I am trying to implement a facebook scraper, to get insights about the reactions on feed posts of facebook-pages. I've noticed that the results (posts) of the actual day and last days are right, but the further it goes in the past, the more feed posts get skipped, and the count of the returned results is very low.
Why is Graph skipping many posts? Sometimes it skips even complete months!
Here is the code I'm using:
import json
import datetime
import csv
import time
import urllib.request
import urllib.error
import requests
import numpy as np
import matplotlib.pyplot as plt
import json
from urllib.parse import urlencode
import pandas as pd
page_id="nytimes"
token="my_User_Token_Here" #using a user token got from [https://developers.facebook.com/tools/explorer/][1]
url="https://graph.facebook.com/v2.12/"+page_id+"/posts/?fields=id,created_time,message,shares.summary(true).limit(0),comments.summary(true).limit(0),likes.summary(true),reactions.type(LOVE).limit(0).summary(total_count).as(Love),reactions.type(WOW).limit(0).summary(total_count).as(Wow),reactions.type(HAHA).limit(0).summary(total_count).as(Haha),reactions.type(SAD).limit(0).summary(1).as(Sad),reactions.type(ANGRY).limit(0).summary(1).as(Angry)&access_token="+token+"&limit=100"
posts = []
found = False
try:
while (True):
print(url)
facebook_connection = urlopen(url)
data = facebook_connection.read().decode('utf8')

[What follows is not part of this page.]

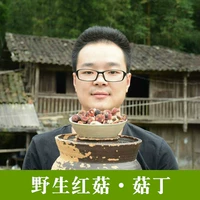 Сяджян Новый груз Fujian Sanming Местный дикий красные грибы сушеной сушеной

json_object = json.loads(data)
allposts=json_object["data"]
allposts = np.asarray(allposts)
created = '2018-03-01'
for i in range(0,100,1):
if (pd.to_datetime(allposts[i]['created_time']) > pd.to_datetime(created)):
#print(allposts[i]['created_time'])
posts.append(allposts[i])
else:
print(i, "%i fucking here!")
posts.append(allposts[i])
found = True
break;
if (i == 99):
#print('here is: ' + i)
url = json_object["paging"]["next"]
if (found == True):
break;
df=pd.DataFrame(posts)
except Exception as ex:
print (ex)
This is a reported bug. Since it was reported, the rules have changed with API v2.12 and only the top 600 posts per year can be reached. This is obviously bad news for developers and researchers.